Sometimes the right answer isn’t tuning the local controls at all — it’s not running on your machine in the first place. Cursor’s Cloud Agents (formerly Background Agents) operate in isolated VMs in the cloud with full development environments instead of on your local machine: the agent clones budgetcli onto a fresh branch, does its work, and pushes results back. Because nothing executes on your laptop, the local-machine threat model — your credentials, your other repos, your filesystem — simply doesn’t apply. The environment is configured from .cursor/environment.json (a Dockerfile is supported), so the box is reproducible the same way every run.

This is the cleanest way to give an agent a long leash safely: the isolation is the boundary of a VM, not a pattern in a deprecated list. We pick Cloud Agents back up in the CLI chapter, where running headless and unattended makes that built-in isolation matter most — when nobody’s at the keyboard to answer a prompt, you want the agent in a box by construction.

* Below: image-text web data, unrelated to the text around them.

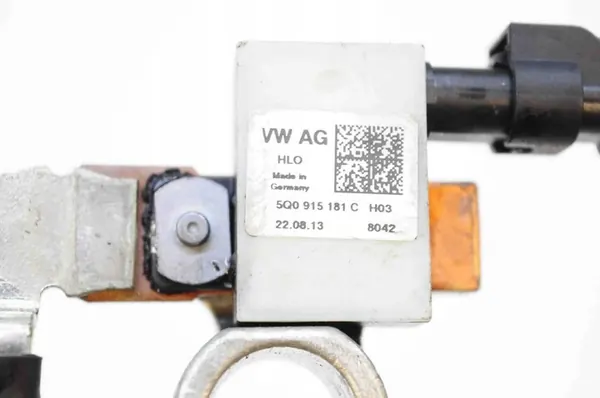 Terminal de Bateria VW GOLF VII 1.6L 5Q0915181C image 3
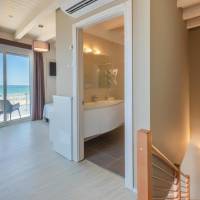 Suite with sea view and Jacuzzi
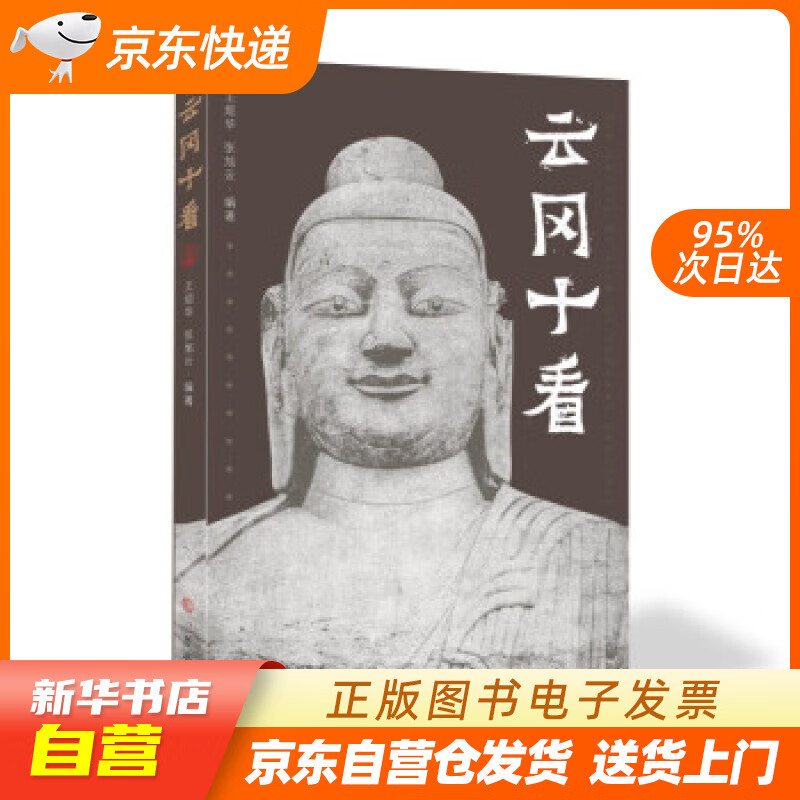 云冈十看 王烜华 著 三晋出版社 籍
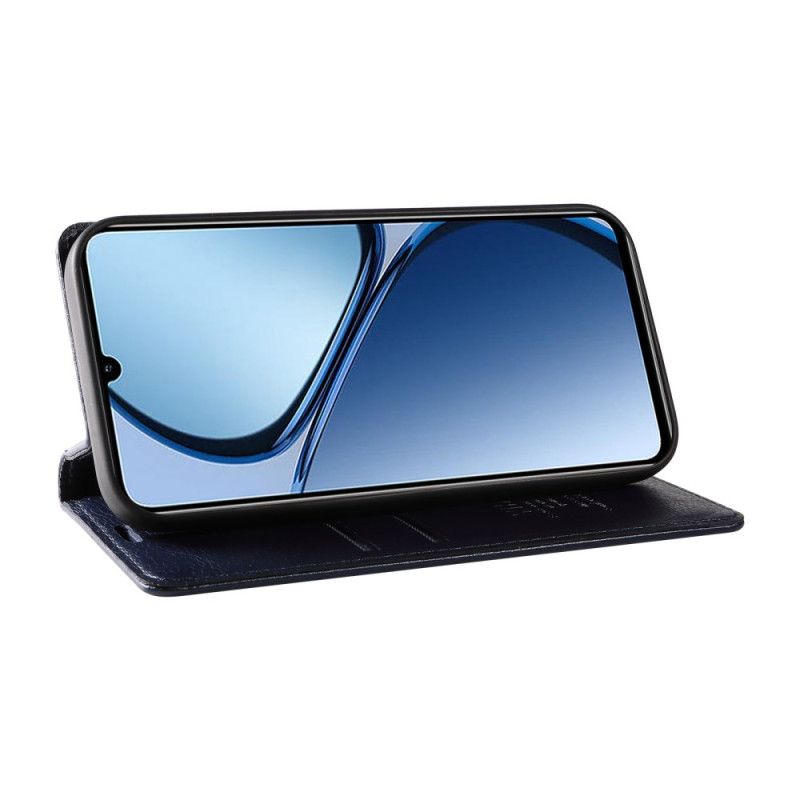 Flip Kotelot Do Realme C63 Vintage Yikatu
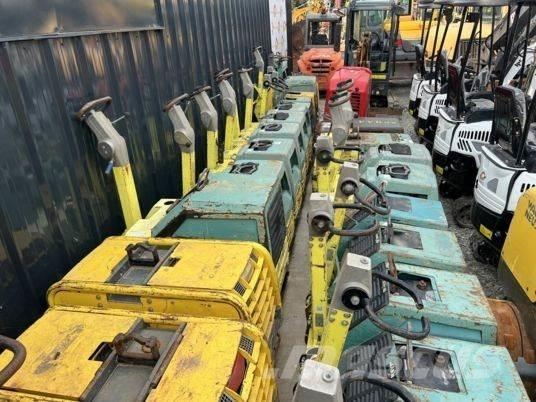 Ammann APR4920 Vibrationsgeräte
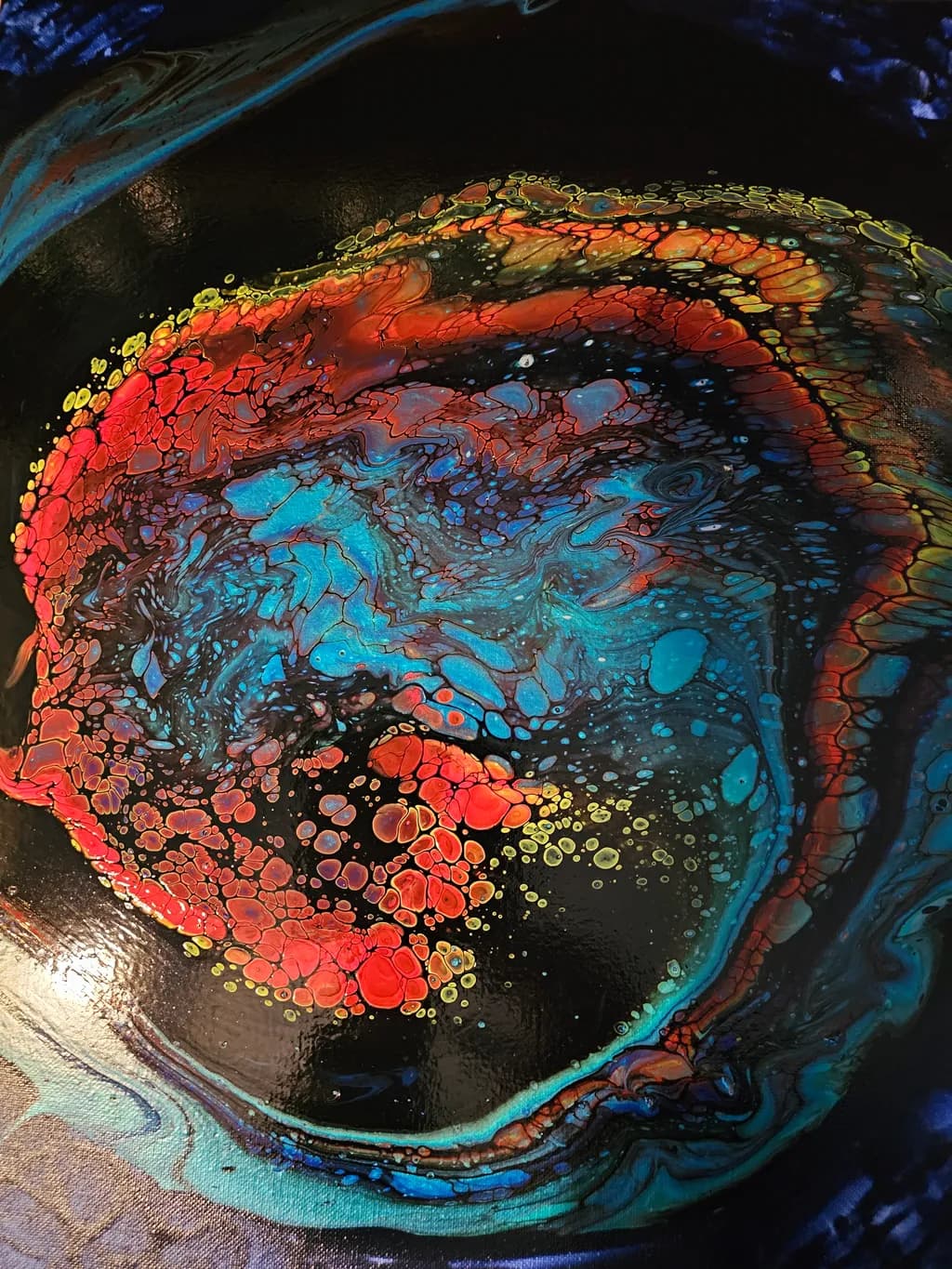 Cosmic Swirl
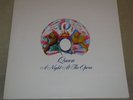 QUEEN   A NIGHT AT THE OPERA Lp    MINT BEAUTIFUL ORIGINAL PRESS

(Reference: the canonical docs live at cursor.com/docs/background-agent, which serves the current Cloud Agents content.)

Set it by reflex

The shape to carry out of this chapter:

Pick the mode for the work. Unfamiliar code or real stakes → Auto-review (the default) or plain Allowlist for a known-safe command set. Repetitive, supervised grind where you want the loop to run unattended → Allowlist (with Sandbox). Run Everything stays in the disposable-environment box, not on your real machine.
Lean on the sandbox, not the lists. The Agent Sandbox is the wall that actually holds — on macOS directly, on Linux given the kernel prerequisites, on Windows via WSL2. The allowlist is superseded by the sandbox when sandboxing is on, and the denylist is deprecated. Treat lists as friction-reduction and intent, never as your last line of defense.
When you need a real guarantee, change where the agent runs — a Cloud Agent in an isolated VM — rather than trying to harden the local lists into something they aren’t.

Get the ordering right — sandbox load-bearing, lists superseded — and the rest is muscle memory: loose on the mode where the work is tedious and watched, tight on reach because the wall, not the model, is what’s keeping the agent in its lane.